How Asia's Banks are Changing
Cleaning up bad debt, tightening credit controls
and learning to cater to consumers.
In this article
A FUTURISTIC corridor leading to
Singapore’s financial district
Economic growth requires economic flexibility, which in turn requires flexibility in the banking system. A combination of market forces and regulatory reform is laying the foundation for more agile systems throughout Asia—an essential framework as Asia’s banks try to adapt quickly to the global marketplace of the 21st century.
REFORMS BRING GREATER STABILITY
Between 1970 and the early 1990’s, Asia enjoyed a period of growth that many referred to as the “economic miracle,” fueled largely by foreign investment. Some of its foundations were precarious, however. Banks were channeling short-term money from overseas into long-term loans to questionable, government-favored enterprises. The bubble burst in 1997, when the rapid withdrawal of foreign investors sent asset prices spiraling downward and left the overextended banks poised on the brink of collapse.
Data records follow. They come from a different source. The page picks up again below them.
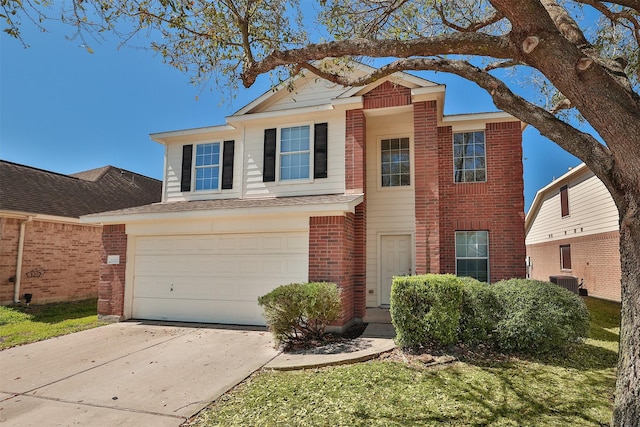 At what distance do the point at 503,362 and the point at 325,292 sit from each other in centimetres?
335

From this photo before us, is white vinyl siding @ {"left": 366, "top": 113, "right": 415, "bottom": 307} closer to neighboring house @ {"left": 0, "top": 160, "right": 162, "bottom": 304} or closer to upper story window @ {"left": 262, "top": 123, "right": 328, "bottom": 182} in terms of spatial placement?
upper story window @ {"left": 262, "top": 123, "right": 328, "bottom": 182}

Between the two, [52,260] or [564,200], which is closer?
[52,260]

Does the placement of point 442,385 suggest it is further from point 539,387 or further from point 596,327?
point 596,327

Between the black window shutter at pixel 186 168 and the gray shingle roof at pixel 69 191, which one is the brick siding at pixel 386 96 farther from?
the gray shingle roof at pixel 69 191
The crisis paved the way for badly needed reform in Asian banking systems. Governments have stepped in and helped banks clean up their balance sheets. China was able to use its foreign exchange reserves to eliminate bad loans worth a reported 17% of GDP in 1999, then later recapitalize two of its largest banks to the tune of $45 billion. Japan injected around $510 billion to bail out banks between 1998 and ’99, but it was several years before structural reforms took hold, and the system has only recently begun showing signs of health. Bank reform has been most effective in South Korea, as evidenced by a drop in non-performing loans to $11.9 billion and a historic low of under 2% of all outstanding assets by 2005.
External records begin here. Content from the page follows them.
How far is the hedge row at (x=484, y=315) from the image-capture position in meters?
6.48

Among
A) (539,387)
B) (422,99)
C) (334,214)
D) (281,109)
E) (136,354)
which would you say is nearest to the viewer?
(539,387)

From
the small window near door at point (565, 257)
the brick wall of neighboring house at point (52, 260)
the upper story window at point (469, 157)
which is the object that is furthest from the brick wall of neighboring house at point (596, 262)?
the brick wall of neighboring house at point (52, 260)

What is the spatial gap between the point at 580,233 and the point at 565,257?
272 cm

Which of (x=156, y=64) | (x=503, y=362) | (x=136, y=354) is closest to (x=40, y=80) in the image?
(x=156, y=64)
Most critical to Asia’s banking reforms has been establishing prudential norms to make loans to profitable businesses capable of paying them back. Asia’s banks have improved their credit assessment standards and audit controls. Financial transparency and disclosure have also vastly improved, particularly as most publicly listed banks are required to issue quarterly accounting statements. For example: prior to the crisis lenders and regulators made little effort to distinguish different types of non-performing loans. Today, a more sophisticated grading system helps classify bad loans more precisely by a variety of criteria, enabling lenders to properly account for risk and devise workout strategies.